10. High Yield / Non-Investment Grade / Unrated Debt Securities Risk
High yield / non-investment grade / unrated debt securities are subject to greater risk of loss of income and principal due to default by the issuer than are higher-rated debt securities. It may also be more difficult to dispose of, or to determine the value of, high yield / non-investment grade /unrated debt securities. Investment in debt securities below investment grade may subject to low liquidity and high volatility and greater risk of loss of principal and interest than high-rated debt securities.
11. Credit rating risk
Credit ratings assigned by rating agencies are subject to limitations and do not guarantee the creditworthiness of the securities and/or issuer at all times.
12. Valuation Risk
Valuation of the Sub-Fund's investment may involve uncertainties and judgmental determinations. If such valuation turns out to be incorrect, this may affect the net asset value calculation of the Sub-Fund.
13. Risks Associated with Derivatives
The Sub-Fund may invest extensively in derivatives for investment purpose.

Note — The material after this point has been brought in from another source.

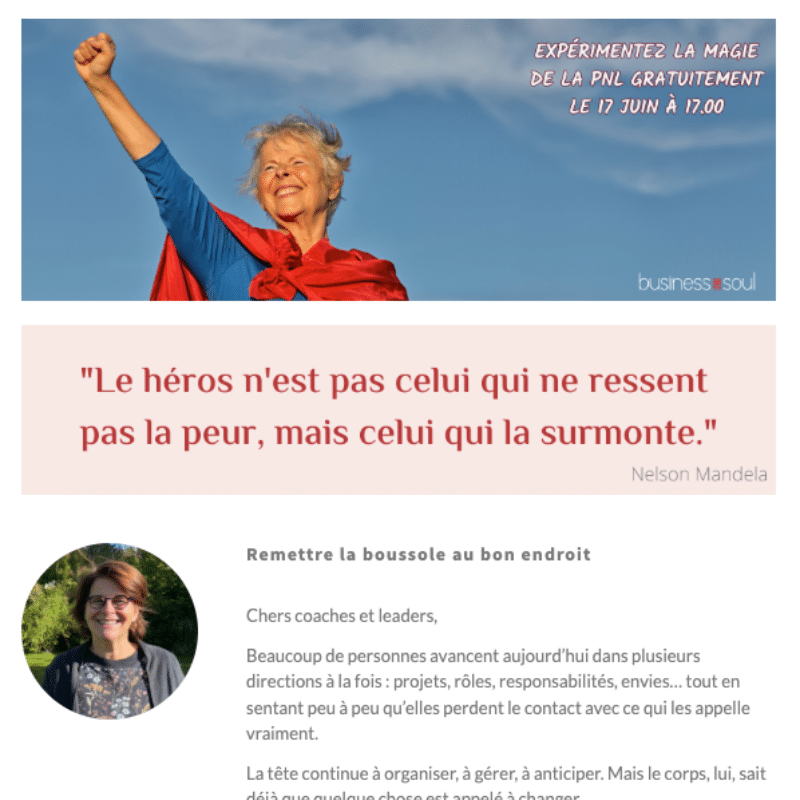Newsletter Mai 2026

Investments in derivatives involve additional risks such as leverage risk, counterparty risks, liquidity risk, valuation risk, volatility risk and over-the-counter transaction risk. The Sub-Fund is subject to the risk of significant loss resulting from the use of derivatives for investment. The leverage element/component of a derivative can result in a loss significantly greater than the amount invested in derivative by the Sub-Fund. The Sub-Fund may also use derivatives for the purposes of hedging and/or efficient portfolio management. In adverse situations, the Sub-Fund's use of derivatives may become ineffective in hedging and/or in efficient portfolio management and the Sub-Fund may suffer significant losses.
14. Risk of Distribution Out of Capital of Inc-2 Share Classes
The Management Fee, the Management Company Fee, the Administration Servicing Fee, the Distribution Fee(if any), the Custodian's fee and all other expenses attributable to the Share Class will be charged against the capital account of that Share Class. This has the effect of increasing the Share Class's distributions (which may be taxable) whilst reducing its capital to an equivalent extent. This could constrain future capital and income growth. Payment of dividends out of capital amounts to a return or withdrawal of part of an investor's original investment or from any capital gains attributable to that original investment. Any distributions involving payment of dividends effectively out of the Share Class's capital may result in an immediate reduction of the net asset value per Share.